Back to June 2014, the European Commission had decided to launch an in-depth investigation regarding two tax rulings granted by Ireland to Apple that “could have substantially and artificially lowered the tax paid by the US company since 1991”. The European Commission argued that Apple only paid an effective corporate tax rate that declined from 1% in 2003 to 0.005% in 2014 of the profits of Apple Sales International. In its decision, the European Commission requested Ireland to recover from Apple the unpaid tax – considered as State Aid – for the period between 2003 and 2014.

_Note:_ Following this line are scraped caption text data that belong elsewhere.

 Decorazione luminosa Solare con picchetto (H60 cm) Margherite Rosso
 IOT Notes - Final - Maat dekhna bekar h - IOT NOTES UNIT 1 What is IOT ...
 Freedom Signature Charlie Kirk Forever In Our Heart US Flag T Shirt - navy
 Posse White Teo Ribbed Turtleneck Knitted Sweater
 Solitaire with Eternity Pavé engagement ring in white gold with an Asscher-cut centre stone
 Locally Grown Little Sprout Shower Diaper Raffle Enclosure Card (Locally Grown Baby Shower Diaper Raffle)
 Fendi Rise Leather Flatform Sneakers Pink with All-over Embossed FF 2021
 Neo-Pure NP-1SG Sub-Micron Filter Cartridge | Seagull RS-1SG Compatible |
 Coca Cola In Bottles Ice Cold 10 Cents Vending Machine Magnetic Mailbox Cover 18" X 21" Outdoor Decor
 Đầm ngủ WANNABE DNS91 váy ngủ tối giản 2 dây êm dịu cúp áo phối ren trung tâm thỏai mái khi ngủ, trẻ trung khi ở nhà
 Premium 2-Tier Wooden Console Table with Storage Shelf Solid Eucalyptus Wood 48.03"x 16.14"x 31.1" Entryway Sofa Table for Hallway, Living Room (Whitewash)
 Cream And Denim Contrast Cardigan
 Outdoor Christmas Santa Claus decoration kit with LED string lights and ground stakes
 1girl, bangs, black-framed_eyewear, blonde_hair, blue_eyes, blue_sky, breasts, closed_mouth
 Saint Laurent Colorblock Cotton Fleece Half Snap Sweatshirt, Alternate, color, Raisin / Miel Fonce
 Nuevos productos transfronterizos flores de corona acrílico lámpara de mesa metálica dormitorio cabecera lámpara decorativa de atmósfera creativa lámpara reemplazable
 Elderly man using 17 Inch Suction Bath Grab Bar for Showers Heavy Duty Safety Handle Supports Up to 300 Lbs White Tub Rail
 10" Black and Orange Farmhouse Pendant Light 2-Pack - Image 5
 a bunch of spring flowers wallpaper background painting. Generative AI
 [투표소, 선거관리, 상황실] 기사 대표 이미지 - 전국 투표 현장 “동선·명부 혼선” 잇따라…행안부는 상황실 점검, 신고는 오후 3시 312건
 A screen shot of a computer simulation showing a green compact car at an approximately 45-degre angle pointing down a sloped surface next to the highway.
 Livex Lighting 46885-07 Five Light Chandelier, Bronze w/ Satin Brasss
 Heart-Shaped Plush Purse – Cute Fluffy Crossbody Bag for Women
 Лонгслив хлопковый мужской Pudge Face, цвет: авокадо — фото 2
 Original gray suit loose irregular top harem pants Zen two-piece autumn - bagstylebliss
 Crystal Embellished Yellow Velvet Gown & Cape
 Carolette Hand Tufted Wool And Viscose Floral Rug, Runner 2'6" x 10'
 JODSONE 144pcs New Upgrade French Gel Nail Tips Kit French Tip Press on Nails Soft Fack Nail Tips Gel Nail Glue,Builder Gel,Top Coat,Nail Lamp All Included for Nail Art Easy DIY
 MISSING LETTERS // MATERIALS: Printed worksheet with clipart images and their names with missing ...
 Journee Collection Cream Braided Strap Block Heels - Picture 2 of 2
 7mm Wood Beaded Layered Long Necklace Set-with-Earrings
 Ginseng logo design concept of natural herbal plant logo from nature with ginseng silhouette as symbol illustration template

Further to the official statement by Margrethe Vestager, European Commissioner for Competition, Tim Cook, Apple CEO, published a “Message to the Apple Community in Europe”, stating that “the European Commission has launched an effort to rewrite Apple’s history in Europe, ignore Ireland’s tax laws and upend the international tax system in the process”.

The US Treasury expressed disappointment at what it called an “unfair” decision and stated that “the Commission’s actions could threaten to undermine foreign investment, the business climate in Europe, and the important spirit of economic partnership between the US and the EU”. The Commission’s decision can hence be seen as another step in the growing tension between the US and the EU regarding the treatment of companies on both sides of the Atlantic, which was notably exacerbated in 2015 by the $8.9 billion fine imposed by the US authorities to BNP Paribas as a sanction for the transactions in dollars realized by the bank with countries under US embargo (see decision).

Minister Noonan, Irish Minister for Finance, stated that “hedisagrees profoundly with the decision issued by the European Commission” on this case and “hewill now seek Cabinet approval to appeal the Commission decision to the European Courts”. Ireland has already said that it would appeal the decision, a politically sensitive move given the sums at stake and the costs induced by an appeal procedure.